What HTML Forms Are For

The essence of serving up useful information is relevancy and immediacy. But the best judge of the quality of your information is your audience. Wouldn't it be wonderful if your readers could give you feedback on your Web pages? Then they could tell you what parts they like, what they don't like, and what other things they'd like to see included in your site.

This is where HTML forms come into the picture. As it turns out, HTML supports a rich variety of input capabilities to let you solicit feedback. In this course you will discover the tags to use, the controls and inputs they enable, along with some layout considerations for building forms. You will get to see some interesting example forms to help you understand what HTML forms look like and how they behave. JavaScript also uses forms and their elements extensively, so if you plan on learning JavaScript in the future, you will want to become very familiar with forms.

What's in a Form?

When adding form support to a Web page, you include special tags that let you solicit input from users. You surround these tags with text that prompts user responses. You also include tags that gather the input and ship it to your Web server. Here's how the process works:

On a particular Web page, you include tags to set up a form and to solicit input from users. Some of your users will work their way through this material and provide the information that you want. This essentially amounts to filling out the form that you've supplied.

After users fill out your form, they can then direct their input to the program running on the Web sever. In most cases, they need to select a particular control, called SUBMIT, that gathers the information and sends it to the proper destination on your Web sever. The program running on the sever accepts the input information then decodes and interprets the contents for further action. A custom-built document is then sent to you and the user is sent to your "return page".

Forms involve two-way communication

The input-catching programs on your server rely on an interface between Web browsers and servers called the Common Gateway Interface (CGI). This interface codifies how browsers can send information back to the severs. It sets up the formatting for the user-supplied input information, so that forms-handling programs know what to expect and how to deal with what they receive.

The ACTION attribute in the <FORM> tag specifies a URL that indicates a specific CGI script or program that collects the form data that a user entered. Likewise, the METHOD attribute describes the way in which input data is delivered to a forms-handling program.

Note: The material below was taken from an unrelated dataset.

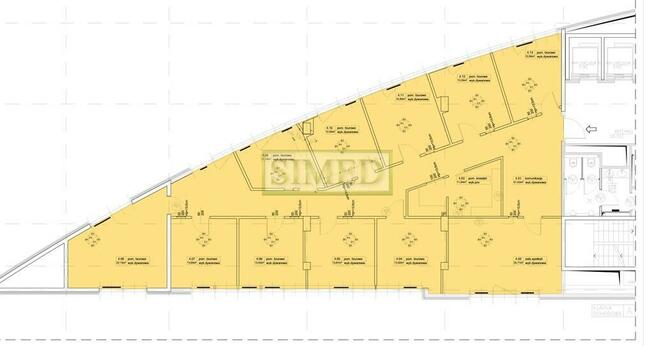 Biurowiec 5 minut od stacji metra.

In this course, we will concentrate on the input side of HTML forms, that is, you find out how to build forms.

Tag! You're a Form

HTML includes several different classes of form tags. To begin with, all HTML forms occur within the <FORM>...</FORM> tags. The <FORM> tag also includes attributes that specify where and how to deliver input to the appropriate Web server.

Within the <FORM>...</FORM> tags, all other forms-related tags and text must appear. These tags include methods for:

  • Specifying input (the <INPUT> tag and its many attributes).

  • Setting up text input areas (the <TEXTAREA>...</TEXTAREA> tags).

  • Selecting values from a predefined set of possible inputs (the <SELECT>...</SELECT> tags).

  • Managing the form's content (using the SUBMIT attribute for INPUT to deliver the content to the server, or the RESET attribute to clear it's content, and start over).

Forms input tags support multiple ways to interact with users, including:

  • Creating text inputs fields, where users can type in whatever they want.

  • Generating pull-down menus, often called "pick lists" because they require making one or more selections from a set of predefined choices.

  • Creating labeled check boxes or radio buttons on-screen, which users can select to indicate choices. Check boxes allow multiple selections and radio buttons allow just one selection.

This may not sound like much, but when you combine it with the ability to prompt users for input with surrounding text, it provides a surprisingly powerful way to ask for information right on your Web page. Thus the real answer to the question at the beginning of this course: "What's in a form?" has to be: "Almost anything you want to put there!"